Executive Viewpoint

We Need to Change the Structure of Security to Transform Security

We Need to Change the Structure of Security to Transform Security

Tom Corn, Senior Vice President of Security Products at VMware, was recently recorded giving his overview of the fundamental problem companies have with security today. His answer — we’ve got too much happening in silos and too much of our technology is bolted-on. His solution — we need to change the structure of how we approach security.

Different Silos, Different Security Objectives

You may think you’ve broken down the silos of security, but different teams inherently have different security objectives. Handling different aspects of security on the same applications, workloads and endpoints should be fine if the teams are all using the same data and tools. But, oftentimes they have different sources of truth and different security solutions. 

Here’s a look at what the various teams are doing independently to secure your company:

  • The Infosec team is looking at how they can harden the endpoints and workloads, how they can prevent malware and attacks from infecting the endpoints, and how they can detect and respond to attacks that circumvent the preventive measures in place.
  • Desktop Services teams are working on managing the posture of user devices, managing access of the users and the device to these applications based on trusting the device and trusting the user is who they say they are.
  • Network teams are figuring out how to compartmentalize these environments so that from a network perspective the blast radius is small and infection doesn’t spread throughout the whole environment. 
  • Cloud teams are configuring the public cloud elements that are supporting these applications.

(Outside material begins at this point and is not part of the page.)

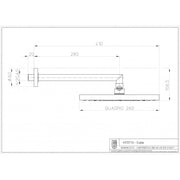 Soffione doccia quadrato Bossini CUBE 26x26 cm completo di braccio by CeramicStore | Lo specialista del tuo bagno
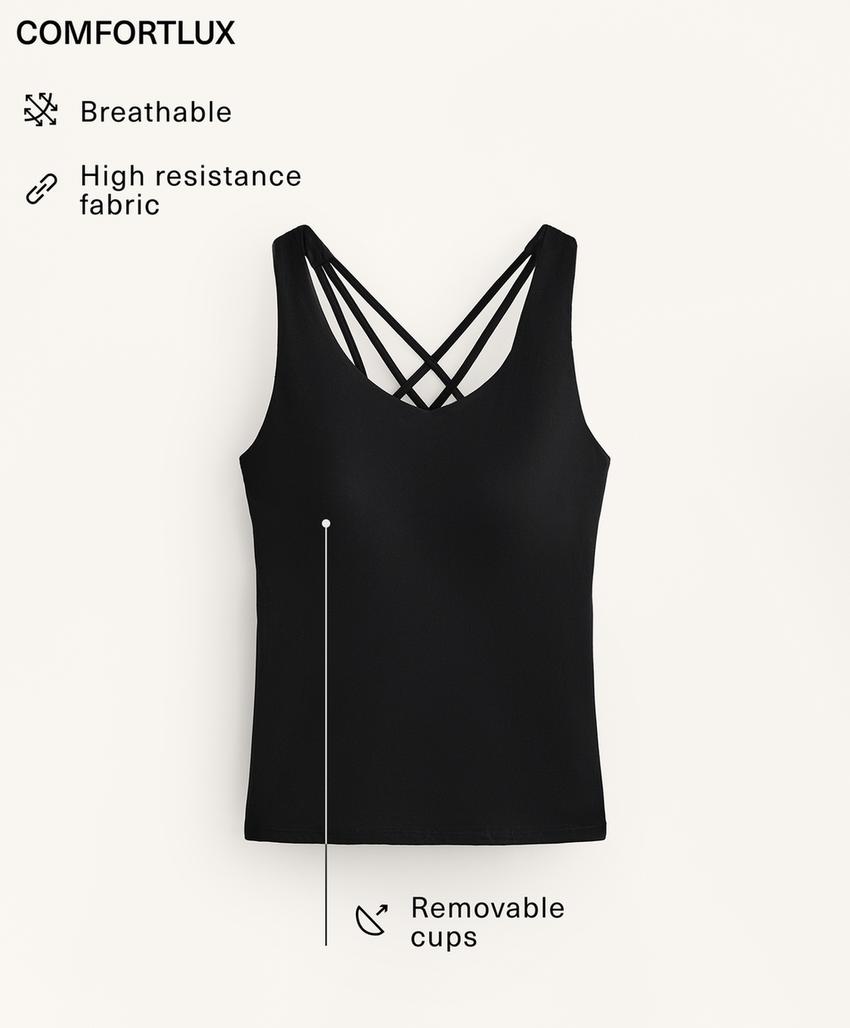 Длинный Tank top Comfortlux с несколькими бретелями и чашками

Security Silos Cause Significant Problems

Siloed security results in multiple security tools that don’t connect well together. This causes teams to stand-by their own data and results in difficulty working together to solve security issues.

Another problem that stems from the way security is structured today is that it is very threat-centric. Each of these siloed elements doesn’t contain much context about the applications and infrastructure. This makes it very difficult to secure.

Lastly, as companies have slowly added security solutions over time, their security structure is very “bolted-on”. Infrastructure was built without knowing what applications would be run in the future. Then in that future state, the security team is told to go secure that new application. This results in bolted-on agents and tools. And more often than not, this results in misconfiguration and a lack of alignment of these controls.

With over 90% of breaches leveraging misconfiguration or misalignment, this is a big part of the security problem. We need to change the structure of security to really transform security.

A Unified, Context-Centric Security Structure is Needed

At the heart of fixing this security problem is truly understanding each application that you are trying to protect. Security teams need the context of:

  • What workloads compose this application? 
  • How do they communicate? 
  • What network services do they consume? 
  • What users are connecting to those applications? 
  • What devices are they using? 
  • What is the posture of the devices? 

In order to get this information, a holistic approach is needed for security solutions. Solutions that are connected and share a single source of truth. At VMware, we’ve been working to create that holistic approach to security.

  • With Carbon Black, Infosec teams can harden endpoints, as well as prevent, detect, and respond to threats. More importantly, it takes what was once many different tools that were isolated and unifies them into a platform that connects the dots between those security solutions. 
  • With Vsphere, Infosec can also harden and control the workloads.
  • With Workspace One, Desktop Services teams can manage devices, the posture of the devices, and manage access on those devices all in a unified manner.
  • With Pivotal, companies get the modern application framework of choice to build, deploy, and run applications.
  • With NSX, Network teams can unify the various pieces for compartmentalizing and addressing malicious traffic inside the network switch. 
  • With Secure State, Cloud teams get the tools to manage the configuration of these public cloud elements. 

Having this unified set of solutions that gets rid of agents and appliances, it allows companies to move from a model that is very threat-centric to more broadly context rich. Context not just about threat, but about the applications and the infrastructure that makes up that application so that companies can really understand what it is that they are protecting.

This shift from siloed to unified, from threat-centric to context-centric, from bolted-on to built-in, is what will allow companies to fundamentally transform security.